Want to see a brutal chart?
But do you want to know the darkest thing about that chart? It constitutes a total value loss of eight cents.
Oh, hello, Blue Apron.
That's right, dipshits, the online recipe-in-a-box startup has finally dropped below a dollar a share less than 18 months after IPOing at $10. A decline that sharp and fast is pretty breathtaking to behold:
Who could have predicted a performance this mindbogglingly shitty from a startup that was once the apple of Silicon Alley's eye? Here's one thing from June 2017...
Blue Apron’s IPO is essentially the dogshit Frankenstein of the new IPO market; an untested company that doesn’t turn a profit, wants to keep operating like a private company, sees a ticker symbol as a Z-Round of funding, and will tank into penny stock territory after being restructured within a few quarters of public disclosures.
Despite being written smugly, and a bit coarse, that appears to have been a very intelligent analysis. Which psychic big bank analyst was it? Mark Kolanovic?
What what what?!?! That was...us? Well, that's terrifying.

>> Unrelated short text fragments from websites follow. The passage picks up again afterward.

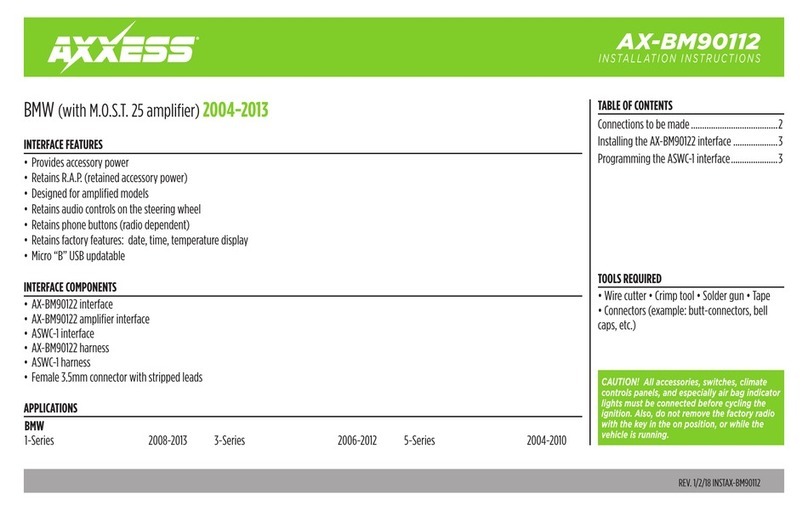 Axxess AX-BM90112 User manual Axxess AX-BM90112 User manual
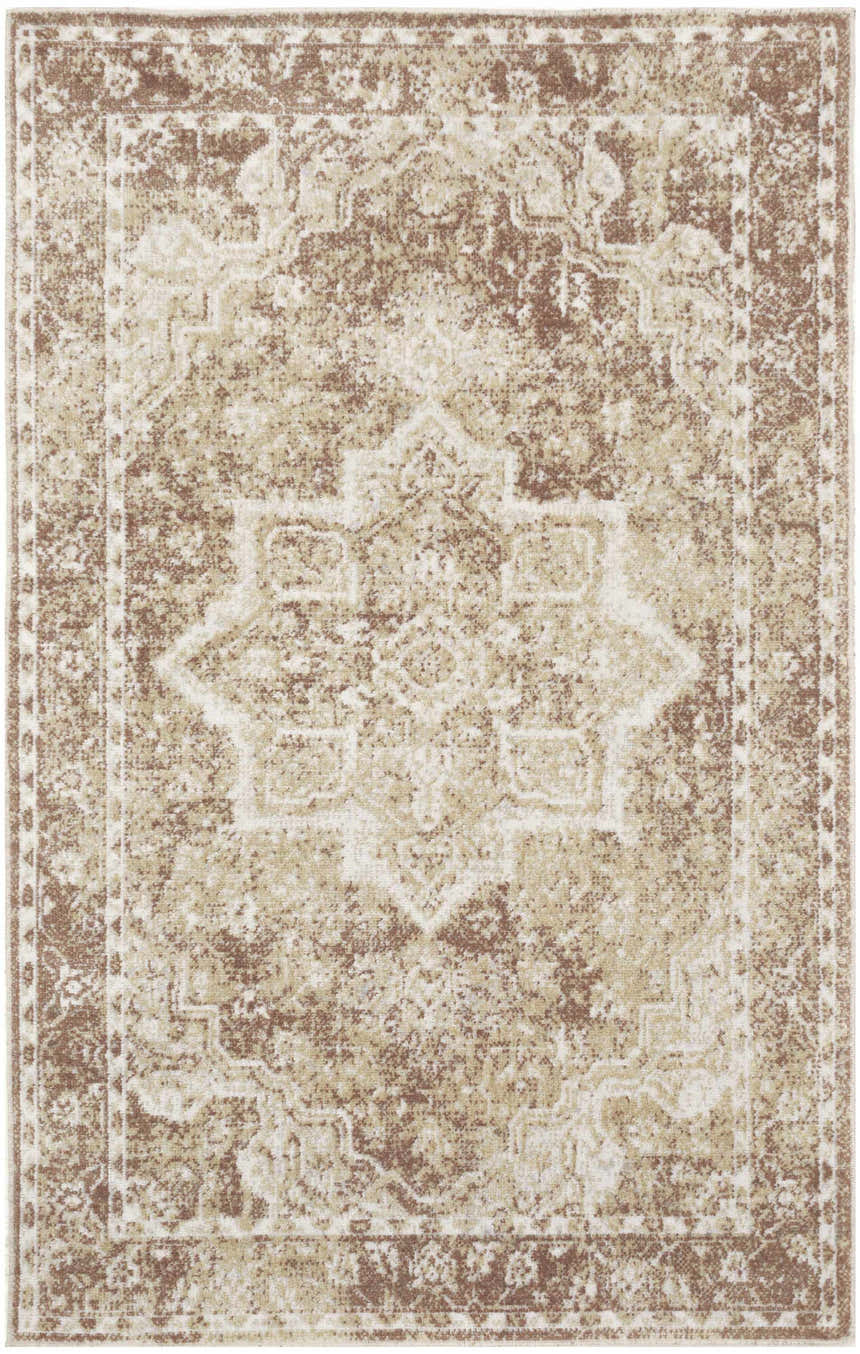 Close-up of Nourison Astra Rust Vintage rug. Machine-made with a distressed, traditional design in rust and beige tones.
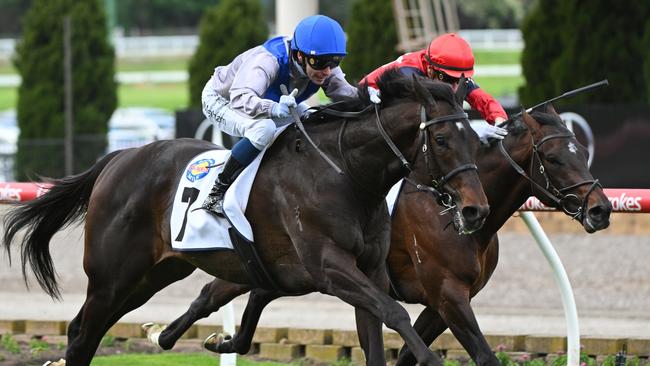 Ben Melham combined with Angel Capital to win the McKenzie Stakes at The Valley on Saturday. Picture: Vince Caligiuri/Getty Images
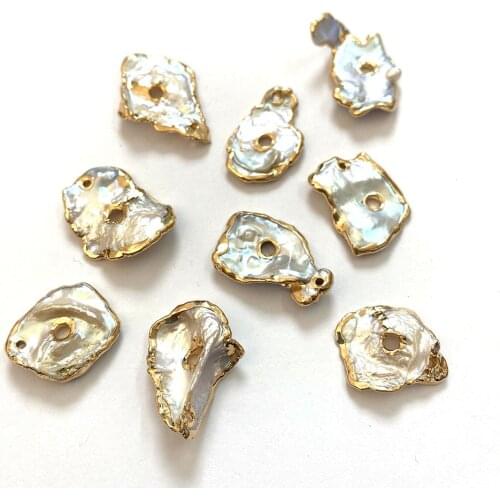 Fashionable Irregular Shape Hole Freshwater Pearl Pendant Temperament Jewelry Making Charm Lady DIY Holiday Gift Wholesale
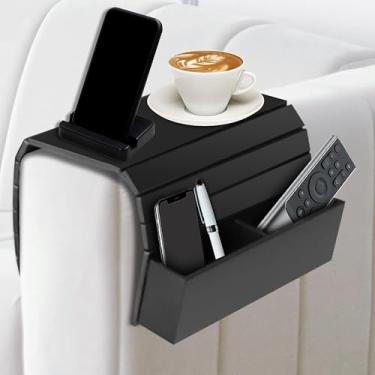 Imagem de TopClass1 Bandeja de apoio de braço para sofá com suporte de copo, organizador de mesa lateral dobrável para sofá, design antiqueda (preto)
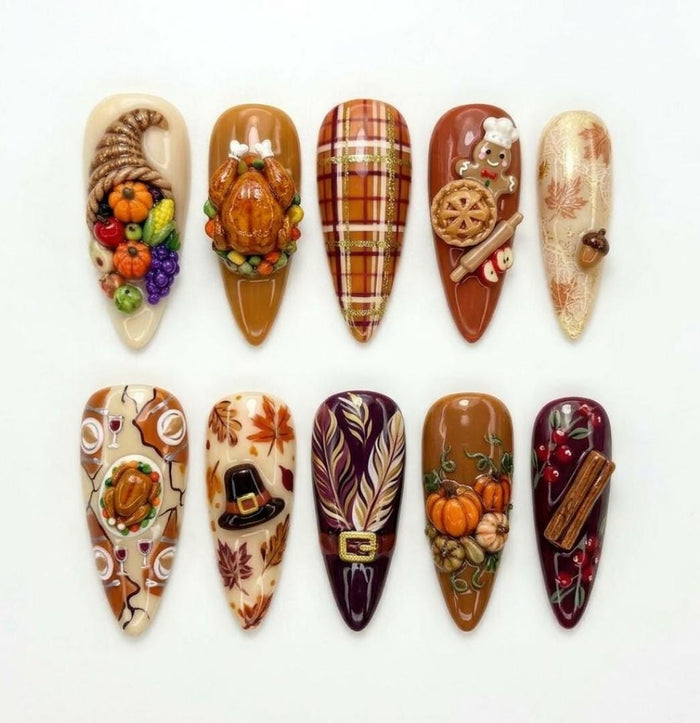 Thanksgiving Harvest Press On Nail Set with Turkey, Pumpkin, Cornucopia and Plaid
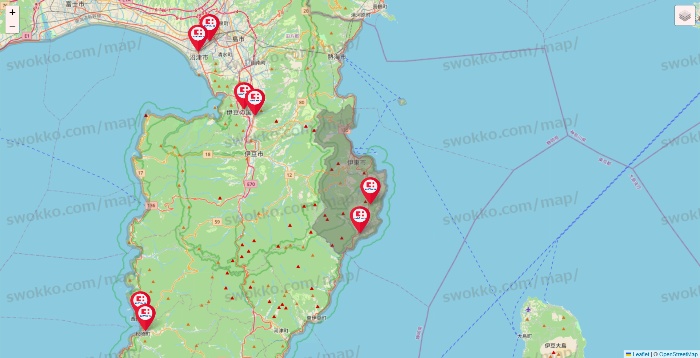 静岡県のココカラファインの店舗地図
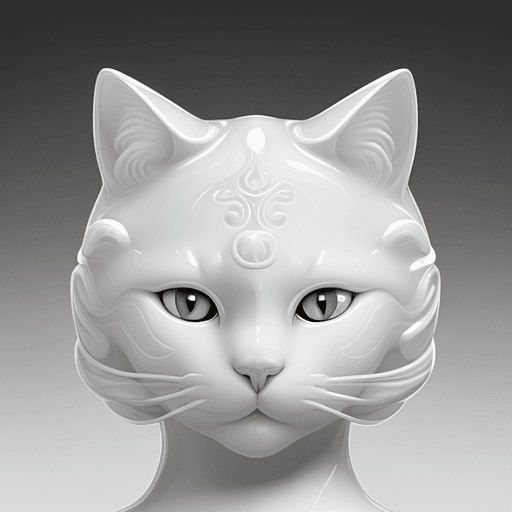 AI generated: a white cat made out of porcelain, in the style of balanced symmetry, white and black, detailed faci...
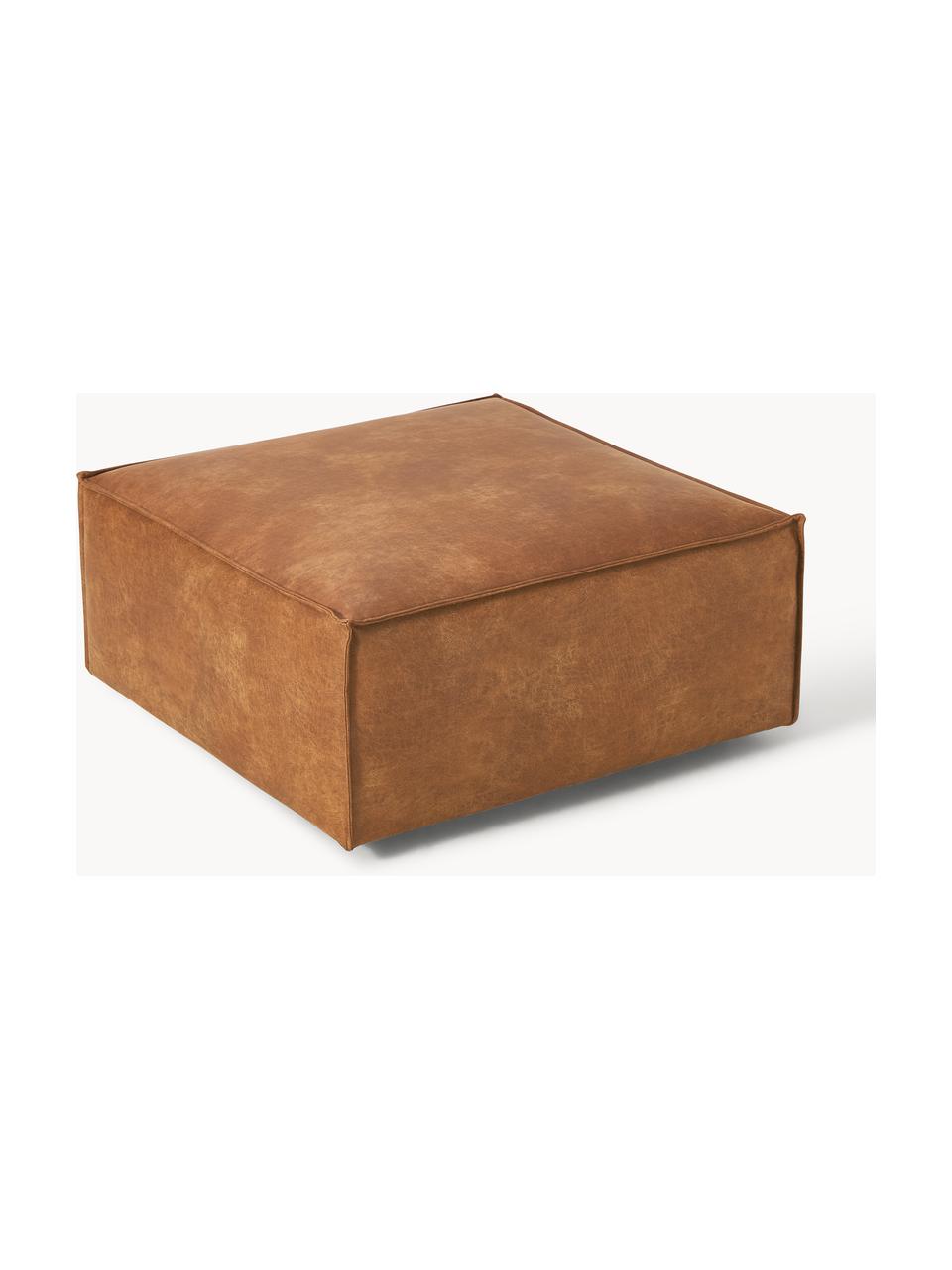 Sofa-Hocker Lennon aus recyceltem Leder, Bezug: Recyceltes Leder (70 % Le, Gestell: Massives Holz, Sperrholz, Füße: Kunststoff Dieses Produkt, Leder Braun, B 88 x T 88 cm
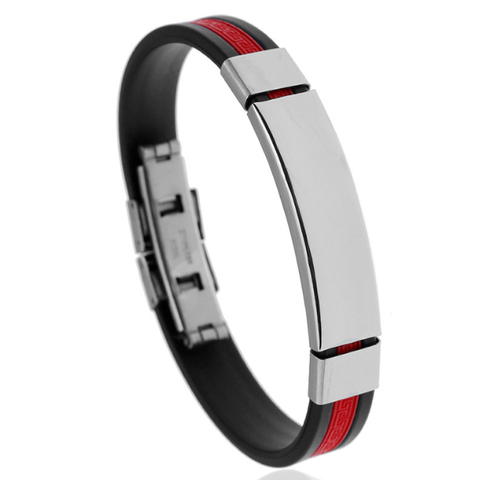 Silicone Stainless Steel Bracelet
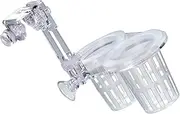Furtryvl Fish Tank Plant Holder | Clear Plant Basket Holder with Hole,Adjustable Aquatic Accessories, Fish Tank Decoration, Hydroponic Double Cups for Housewarmings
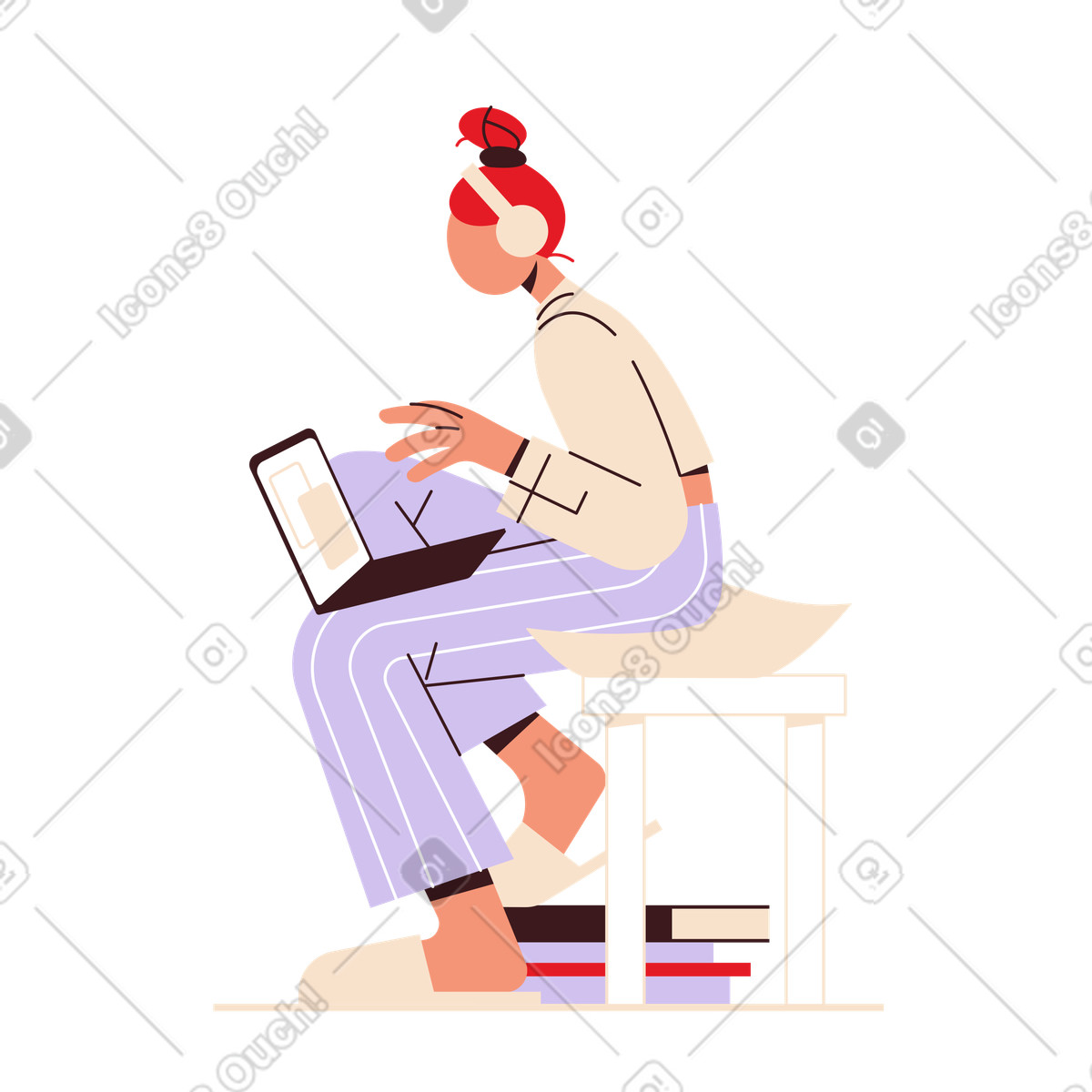 Folks スタイルの ラップトップで作業する女の子 のイラストをPNG、SVG形式でダウンロード
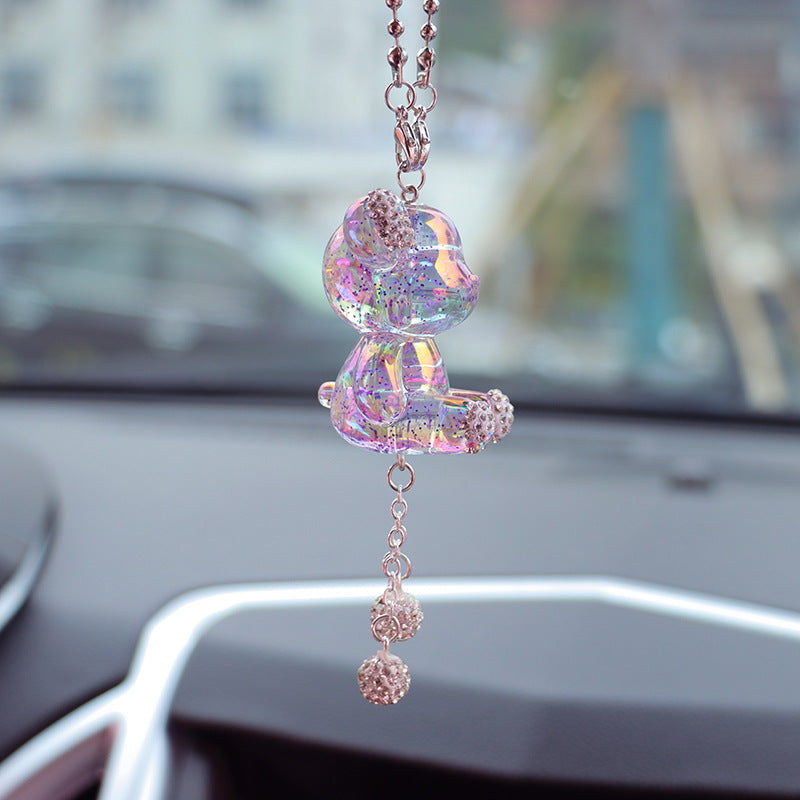 Glossy Purple Bear Car Mirror Charm – Cute Aesthetic Rearview Mirror Hanging Accessory for Women | Kawaii Car Decor Gift Moodsweave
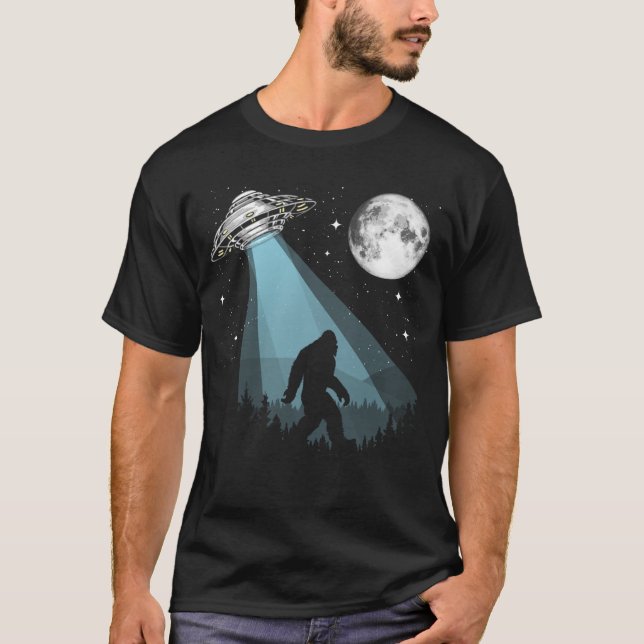 Bigfoot UFO Conspiracy Moon Stars Night Nature T-Shirt (Front)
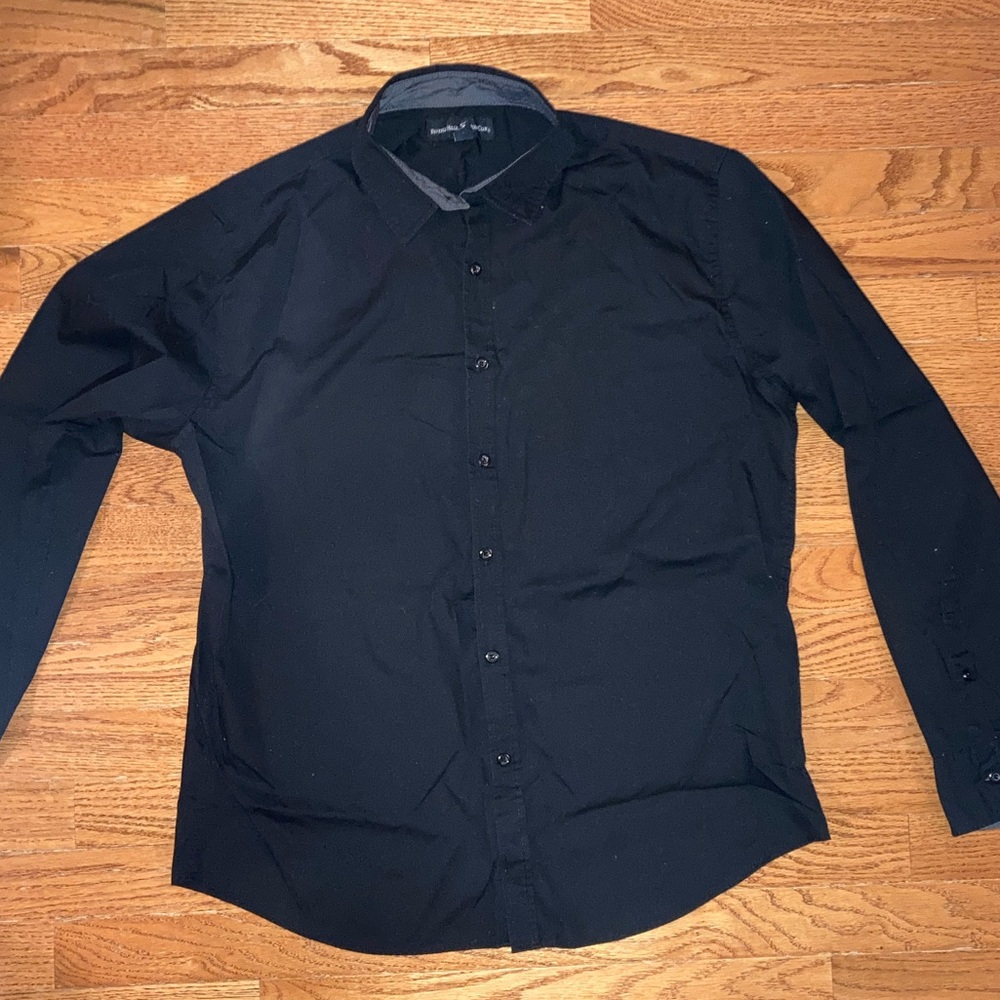 ‼️Black Beverley Hills Polo Club Club Button Down Shirt. Lightly worn. Size L.‼️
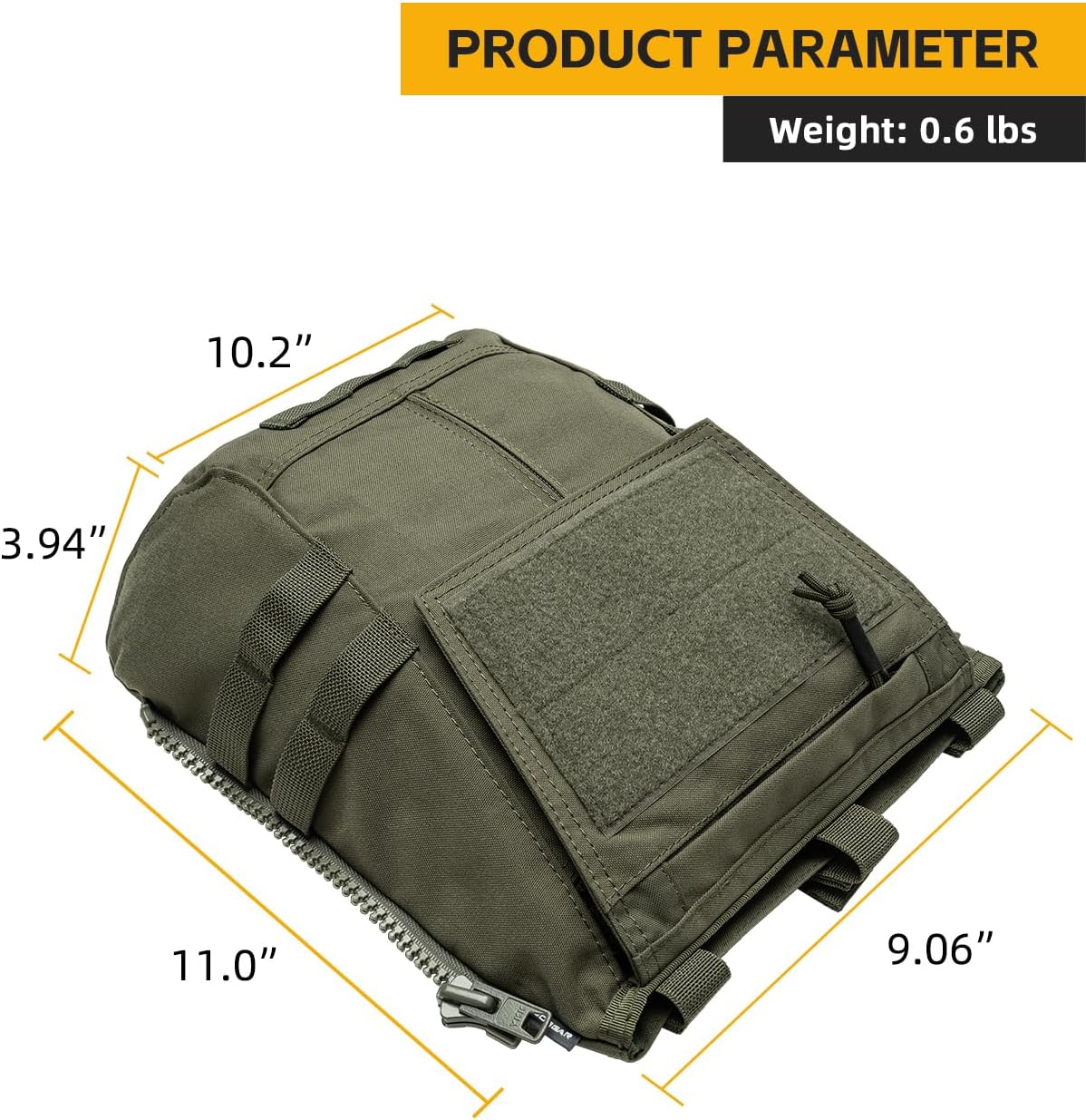 IDOGEAR Tactical Zip-on Panel Pouch Military Backpack Vest Accessory Bag for CPC AVS JPC2.0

While it could be argued that we've been rather hard on Blue Apron, it can now also be proven that we have been staggeringly correct. The IPO was a shitshow, the weeks that followed were brutal, the restructuring began almost immediately, then got truly bloody five months after that. Blue Apron's journey as a public company has been like the financial equivalent of The Donner Party, only slightly longer in duration and less objectively successful. Which is a shame considering [as we've said too many times already] Blue Apron is a pretty good idea that could have been turned into a solid company with time, patience and steady leadership. Being publicly-traded made the first two impossible and proved the last one was never really an option.
But the most distressing thing about APRN being worth almost nothing so quickly is that we were so right about it. Let's be honest, this website is hardly known for its brilliant equities analysis, and while we're good at cursing, we're not bursting with actionable investment ideas. Simply put, we're clowns...and even we saw that Blue Apron was a disaster waiting to happen.
We've spent our last few weeks watching everyone start to get a little panicky about whether or not the stock market and the greater economy are showing signs of deflating from an unnatural state of craven optimism. We'll just say this, The Blue Apron IPO was underwritten by big banks, listed on a real exchange and bought by actual people, all while the guy who wrote this stood on the sidelines yelling bullshit and being somehow correct.
Welcome to The Blue Apron Recession.